En junio nos mudamos.  Y, sí, Singapur es cara, pero no más cara que las tantas ciudades grandes en el mundo y, como todas ellas, tiene una segunda vida, una capa que no es la que se ve en las propagandas o en las visitas guiadas, un mundo inmenso (e intenso) que se desenvuelve más allá de los famosos centros comerciales, los casinos y los parques de diversiones, un país real que, como todo lo que recibe el rocío de lo cierto, tiene sus grandezas y sus miserias, sus descubrimientos y sus decepciones.  Hemos hallado, sí, al cretino que comparte ascensor contigo y es incapaz de devolver el saludo, al necio que se hace el dormido para no darle el asiento a una mujer embarazada, al infeliz que va en su bicicleta por la vereda y a toda velocidad; pero también hemos encontrado a las chicas que atienden en el café y saludan alegres de vernos y se saben de memoria nuestro pedido, al señor que se levanta para darle el asiento a la embarazada avergonzado del muchacho que no lo hace, al ciclista que baja la velocidad y pide disculpas y agradece cuando le cedemos. Hemos descubierto una humanidad como todas, como tantas, generosa y solidaria; un espacio habitado por gente encantadora que son y significan mucho más que los eventuales desdichados y pobres diablos que por allí aparecen.

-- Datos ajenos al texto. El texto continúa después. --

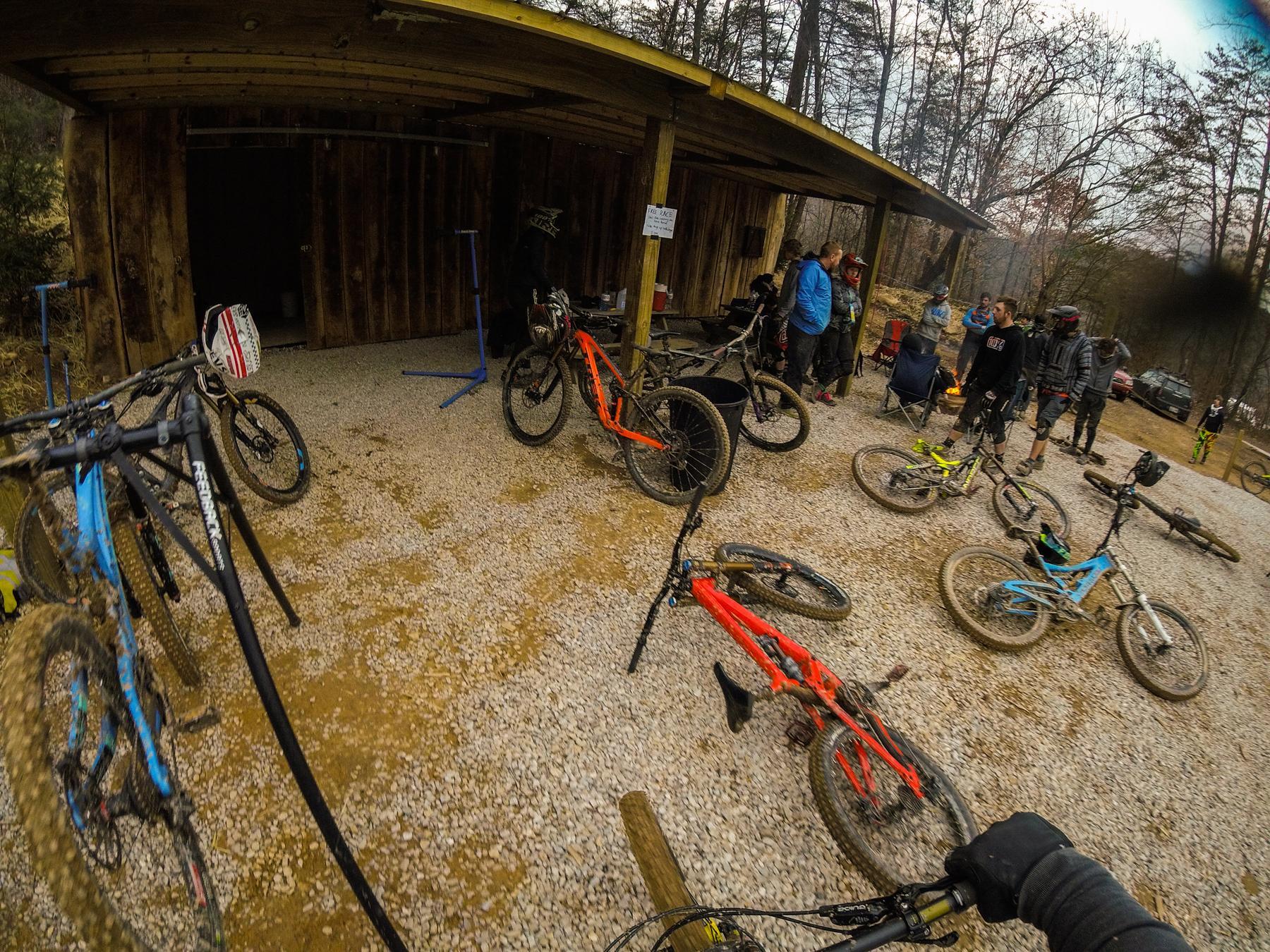 A group of mountain bikers gathered outside a rustic wooden building, with several bicycles parked on the ground around them. The scene shows a mix of bike colors, including blue, orange, and black, set against a gravel surface. Bikers in casual clothing are engaged in conversation, while bicycle repair stands are visible nearby. The surrounding area is wooded, hinting at a natural outdoor environment. Windrock Bike Park mountain bike trail.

El trabajo es nuevo y tiene todos los retos que la novedad conlleva, pero mis colegas son amables y desprendidos, acogedores y amigables; andar en metro es a veces tedioso pero nunca más que eso y siempre seguro y confiable; lavar platos no nos hace felices, pero tampoco mata.  Se extraña a los amigos, claro, pero ahora tenemos casas esperándonos en otra ciudad más y visitas que llegan a refrescarnos el alma y gente que nos rodea y nos hace la vida más sencilla y que serán, lo sé, los grandes amigos que extrañaremos cuando, quién sabe cuando, partamos también de estas tierras que ahora nos acogen.  

La vida es simple, pero es buena.  Caminamos mucho, conversamos más, aprendemos, gozamos lo que tenemos, pensamos en lo que dejamos, hacemos planes y soñamos.  Si todo eso es posible en una ciudad, es que esa ciudad es un buen lugar para quedarse.

Todo esto lo pensaba el viernes aún doliente y cansado.  Un par de horas después desperté, tomamos un taxi y fuimos al Conservatorio de Música.  Por noventa minutos escuchamos al «Takács Quartet», un extraordinario grupo de cuerdas que tocó a Mozart, Janácek, Smetana.  Fue un bálsamo, una mano tendida, una respuesta a mis inquietudes y un momento de paz que justificó todo lo extraviado.  A mi lado vi a mi infinita Alesia que sonreía floreciente; por eso, sobre todo por ellas, estamos aquí.